Tribunal Administratif de Nantes — Décision N° TA44-2209265

lundi 3 avril 2023

JuridictionTribunal Administratif de Nantes
SectionTribunal Administratif de Nantes
N° DossierTA44-2209265
TypeDécision
RecoursExcès de pouvoir
Formation9ème Chambre
Avocat requérantMIRAN ALBANE

Texte intégral

Vu la procédure suivante :

Par une requête et un mémoire enregistrés le 13 juillet 2022 et le 8 février 2023, Mme B C épouse D et M. E D, représentés par Me Miran, doivent être regardés comme demandant au tribunal :

1°) d'annuler la décision du 9 février 2023 par laquelle la commission de recours contre les décisions de refus de visa d'entrée en France a rejeté le recours contre la décision du 26 janvier 2022 de l'autorité consulaire française à Bamako (Mali) refusant de délivrer à Mme C épouse D un visa de long séjour au titre du regroupement familial, ainsi que cette décision consulaire ;

2°) d'enjoindre au ministre de l'intérieur et des outre-mer de délivrer le visa sollicité, dans le délai de deux mois à compter de la notification de la décision à intervenir, ou à défaut de réexaminer la demande ;

3°) de mettre à la charge de l'Etat une somme de 1 500 euros à verser à M. D en application de l'article L. 761-1 du code de justice administrative.

Ils soutiennent que :

- la décision attaquée est insuffisamment motivée ;

- M. D remplit les conditions du regroupement familial telles que prévues à l'article L 434-7 du code de l'entrée et du séjour des étrangers et du droit d'asile ;

- elle est entachée d'une erreur de fait, d'une erreur de droit et d'une erreur d'appréciation, dès lors que l'identité des demandeuses de visa et leur lien familial avec le regroupant sont établis ;

- elle méconnaît les stipulations de l'article 8 de la convention européenne de sauvegarde des droits de l'homme et des libertés fondamentales.
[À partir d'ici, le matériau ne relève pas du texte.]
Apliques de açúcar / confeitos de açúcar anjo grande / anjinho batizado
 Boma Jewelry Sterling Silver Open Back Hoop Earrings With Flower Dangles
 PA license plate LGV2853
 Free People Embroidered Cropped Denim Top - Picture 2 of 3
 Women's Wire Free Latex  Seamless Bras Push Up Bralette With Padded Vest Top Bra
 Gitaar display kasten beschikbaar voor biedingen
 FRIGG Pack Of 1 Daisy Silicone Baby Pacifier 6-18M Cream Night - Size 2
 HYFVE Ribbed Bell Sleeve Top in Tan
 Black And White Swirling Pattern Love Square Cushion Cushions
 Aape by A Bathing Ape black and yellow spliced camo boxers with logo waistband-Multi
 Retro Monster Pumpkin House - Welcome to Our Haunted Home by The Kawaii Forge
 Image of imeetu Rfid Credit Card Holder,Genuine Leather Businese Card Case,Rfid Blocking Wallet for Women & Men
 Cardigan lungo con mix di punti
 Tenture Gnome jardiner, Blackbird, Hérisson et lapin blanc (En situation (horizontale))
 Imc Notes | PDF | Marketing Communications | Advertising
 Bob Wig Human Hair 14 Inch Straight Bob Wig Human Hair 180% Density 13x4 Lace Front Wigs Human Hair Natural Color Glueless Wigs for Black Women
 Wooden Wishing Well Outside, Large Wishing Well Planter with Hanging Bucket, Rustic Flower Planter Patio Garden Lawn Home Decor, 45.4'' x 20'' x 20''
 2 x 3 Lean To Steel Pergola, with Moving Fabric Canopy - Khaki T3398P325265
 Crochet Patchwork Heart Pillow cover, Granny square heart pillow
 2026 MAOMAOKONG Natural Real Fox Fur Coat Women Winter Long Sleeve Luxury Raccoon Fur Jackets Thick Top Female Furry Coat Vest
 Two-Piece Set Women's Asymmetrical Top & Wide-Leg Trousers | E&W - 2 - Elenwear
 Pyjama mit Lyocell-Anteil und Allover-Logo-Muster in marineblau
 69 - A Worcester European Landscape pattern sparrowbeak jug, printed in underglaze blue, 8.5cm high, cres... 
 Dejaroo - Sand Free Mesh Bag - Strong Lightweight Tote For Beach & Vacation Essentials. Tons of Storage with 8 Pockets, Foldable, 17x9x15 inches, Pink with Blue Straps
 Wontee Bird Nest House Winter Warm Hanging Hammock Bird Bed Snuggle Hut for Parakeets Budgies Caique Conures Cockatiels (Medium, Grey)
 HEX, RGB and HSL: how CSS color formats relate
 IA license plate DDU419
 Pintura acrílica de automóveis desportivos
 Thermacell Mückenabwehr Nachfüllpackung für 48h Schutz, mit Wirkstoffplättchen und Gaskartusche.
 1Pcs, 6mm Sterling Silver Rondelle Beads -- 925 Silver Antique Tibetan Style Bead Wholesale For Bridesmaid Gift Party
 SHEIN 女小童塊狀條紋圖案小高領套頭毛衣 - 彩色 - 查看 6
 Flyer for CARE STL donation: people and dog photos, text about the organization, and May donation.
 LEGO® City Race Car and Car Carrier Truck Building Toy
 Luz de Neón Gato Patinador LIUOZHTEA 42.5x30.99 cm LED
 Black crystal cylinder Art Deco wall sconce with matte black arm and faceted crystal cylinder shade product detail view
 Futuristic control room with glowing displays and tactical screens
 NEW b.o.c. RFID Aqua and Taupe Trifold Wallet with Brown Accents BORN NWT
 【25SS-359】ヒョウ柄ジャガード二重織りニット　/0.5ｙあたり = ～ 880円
Par un mémoire en défense enregistré le 13 février 2023, le ministre de l'intérieur et des outre-mer conclut au rejet de la requête

Il fait valoir que les moyens soulevés par Mme C épouse D et M. D ne sont pas fondés.

Vu les autres pièces du dossier.

Vu :

- le code civil ;

- le code de l'entrée et du séjour des étrangers et du droit d'asile ;

- le code de justice administrative.

La présidente de la formation de jugement a dispensé le rapporteur public, sur sa proposition, de prononcer des conclusions à l'audience.

Les parties ont été régulièrement averties du jour de l'audience.

Le rapport de Mme A a été entendu au cours de l'audience publique.

Considérant ce qui suit :

1. M. E D, ressortissant malien, a obtenu par décision du 30 avril 2021 du préfet de l'Isère une autorisation de regroupement familial au profit de Mme B C épouse D, ressortissante malienne, qu'il présente comme son épouse. Celle-ci a donné naissance le 9 décembre 2021 à Fatoumata D, qu'ils présentent comme leur fille. Par une décision du 26 janvier 2022, l'autorité consulaire française à Bamako a rejeté la demande de visa de long séjour présentée au titre du regroupement familial. Par une décision du 9 février 2023, la commission de recours contre les décisions de refus de visa d'entrée en France a rejeté le recours formé contre cette décision consulaire. Les requérants doivent être regardés comme demandant l'annulation de ces deux décisions.

Sur l'objet du litige :

2. D'une part, il résulte des dispositions de l'article D. 312-3 du code de l'entrée et du séjour des étrangers et du droit d'asile que la décision de la commission de recours contre les décisions de refus de visa d'entrée en France se substitue à celle qui a été prise par les autorités diplomatiques ou consulaires. Par suite, la décision implicite née le 14 mai 2022 de cette commission s'est substituée à la décision consulaire. Il en résulte que les conclusions de la requête doivent être regardées comme exclusivement dirigées contre la décision de la commission de recours.

3. D'autre part, si le silence gardé par l'administration sur un recours administratif préalable obligatoire fait naître une décision implicite de rejet qui peut être déférée au juge de l'excès de pouvoir, une décision explicite de rejet intervenue postérieurement, qu'elle fasse suite ou non à une demande de communication des motifs de la décision implicite présentée en application des dispositions de l'article L. 232-4 du code des relations entre le public et l'administration, se substitue à la première décision.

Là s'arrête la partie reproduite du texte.